Hampir sepanjang bulan Maret lalu masyarakat dibuat gaduh oleh kebijakan pemerintah tentang proses peresemian pengangkatan CPNS dan PPPK. Tanggal 5 Maret 2025, melalui Menteri Pendayagunaan Aparatur Negara dan Reformasi Birokrasi, Rini Widyantini, pemerintah mengumumkan bahwa pengangkatan CPNS dan PPPK ditunda ke bulan Oktober 2025 untuk CPNS dan Maret 2026 untuk PPPK.
Protes menjamur di mana-mana, aksi-aksi desakan agar pemerintah konsisten dengan rancana awal proses rekruitmen marak di berbagai daerah. Blacklash bukan hanya muncul dari para calon ASN yang merasa dirugikan. Tetapi juga dari masyarakat luas yang empati, yang peduli, dan yang kecewa dengan kebiasaan pemerintah yang kerap terkesan tidak peduli dengan kepentingan dan suara-suara publik.

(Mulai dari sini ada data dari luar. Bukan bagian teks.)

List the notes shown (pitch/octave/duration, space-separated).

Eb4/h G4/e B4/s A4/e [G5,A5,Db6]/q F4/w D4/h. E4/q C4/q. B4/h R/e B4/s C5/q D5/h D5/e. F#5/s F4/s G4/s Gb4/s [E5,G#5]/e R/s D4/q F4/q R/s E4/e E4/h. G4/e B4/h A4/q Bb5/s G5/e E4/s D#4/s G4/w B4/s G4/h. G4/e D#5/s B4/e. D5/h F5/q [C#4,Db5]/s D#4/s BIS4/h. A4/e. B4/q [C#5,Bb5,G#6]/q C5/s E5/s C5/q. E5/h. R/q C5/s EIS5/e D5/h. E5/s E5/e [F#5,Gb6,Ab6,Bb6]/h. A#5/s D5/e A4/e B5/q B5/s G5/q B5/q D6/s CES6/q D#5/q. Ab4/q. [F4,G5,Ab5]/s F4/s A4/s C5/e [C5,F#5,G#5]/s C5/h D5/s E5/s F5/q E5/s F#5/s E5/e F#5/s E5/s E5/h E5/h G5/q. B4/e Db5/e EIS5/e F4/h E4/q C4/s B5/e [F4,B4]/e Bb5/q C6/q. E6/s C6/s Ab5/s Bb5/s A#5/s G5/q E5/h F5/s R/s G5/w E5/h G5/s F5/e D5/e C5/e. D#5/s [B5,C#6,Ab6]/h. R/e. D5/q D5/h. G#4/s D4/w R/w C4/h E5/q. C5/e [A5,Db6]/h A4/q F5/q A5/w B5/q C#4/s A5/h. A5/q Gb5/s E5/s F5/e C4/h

Tetapi kita semua tahu endingnya. Pemerintah akhirnya mengembalikan proses finalisasi rekrutimen CPNS dan PPPK pada agenda awal. CPNS akan diproses paling lambat akhir Juni 2025, PPPK paling lambat 1 Oktober 2025 ini. Putusan final ini disampaikan oleh Menteri Sekretaris Negara, Prasetyo Hadi, 17 Maret 2025.
Putusan final itu tentu saja diapresiasi positif, disambut dengan sukacita terutama oleh para calon ASN (CPNS dan PPPK). Dan Presiden Prabowo, segera saja mendapat pujian.Â
Situasi ini kurang lebih mirip dengan apa yang terjadi pada pada beberapa kesempatan sebelumnya untuk beberapa isu yang menyita perhatian publik. Yakni isu rencana kenaikan pajak 12 persen, larangan penjual mengecer elpiji 3 kilogram, dan pemangkasan beasiswa KIP, yang kesemuanya kemudian dibatalkan setelah mendapatkan blacklash atau reaksi publik yang kencang.

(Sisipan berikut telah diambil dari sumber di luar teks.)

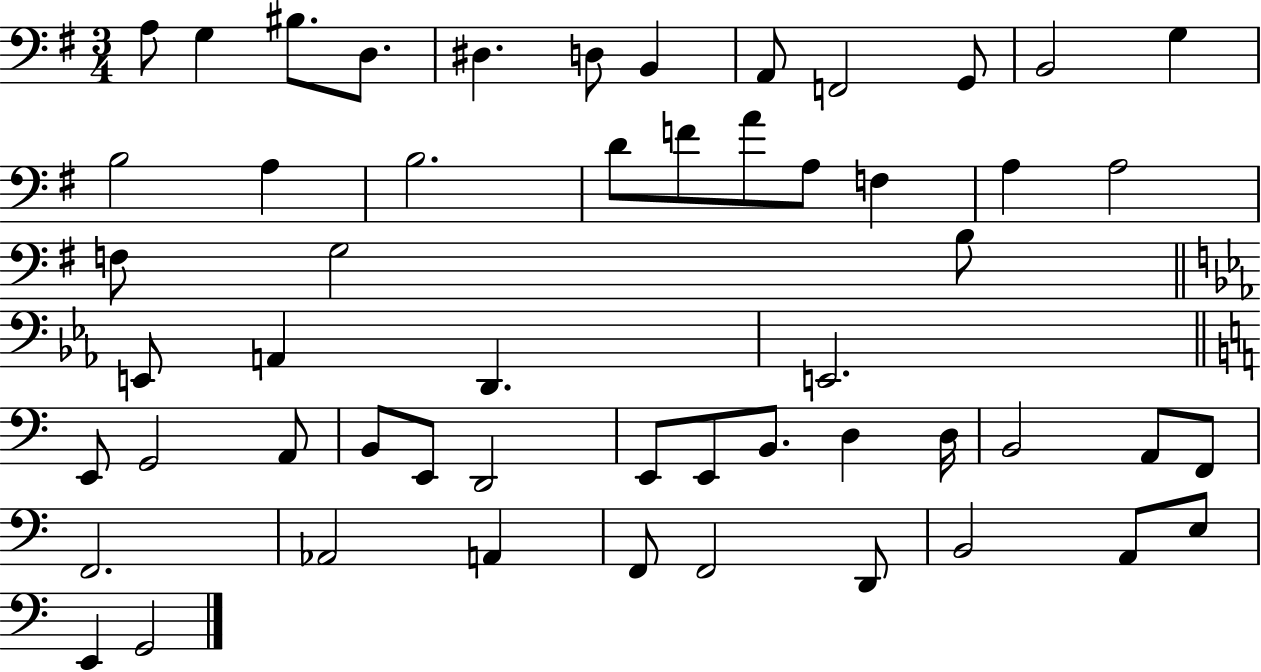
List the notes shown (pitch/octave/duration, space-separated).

A3/e G3/q BIS3/e. D3/e. D#3/q. D3/e B2/q A2/e F2/h G2/e B2/h G3/q B3/h A3/q B3/h. D4/e F4/e A4/e A3/e F3/q A3/q A3/h F3/e G3/h B3/e E2/e A2/q D2/q. E2/h. E2/e G2/h A2/e B2/e E2/e D2/h E2/e E2/e B2/e. D3/q D3/s B2/h A2/e F2/e F2/h. Ab2/h A2/q F2/e F2/h D2/e B2/h A2/e E3/e E2/q G2/h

Dalam kerangka politik kebijakan, fenomena serupa itu lazim disebut sebagai strategi test the water, "cek ombak". Suatu strategi melalui cara apa pemerintah menguji reaksi masyarakat terkait rencana kebijakan mengenai isu-isu tertentu berkenaan dengan hajat hidup banyak orang.
Politik cek ombak ini biasa digunakan oleh para politisi di lingkungan partai politik atau para politisi yang bahkan sudah mendapatkan mandat dan kepercayaan rakyat melalui Pemilu untuk memimpin negara.
Dalam konteks kekuasaan pemerintahan negara, strategi ini memiliki tujuan yang simpel. Yakni untuk mengetahui bagaimana reaksi publik terhadap rencana suatu kebijakan politik.Â
Jika reaksi publik positif, atau kalaupun negatif tetapi dengan tensi penolakan yang rendah, maka kebijakan akan berlanjut. Sebaliknya, jika blacklash publik terhadap rencana kebijakan itu kencang dan meluas, maka cepat atau lambat pemerintah akan membatalkan rencana kebijakan itu.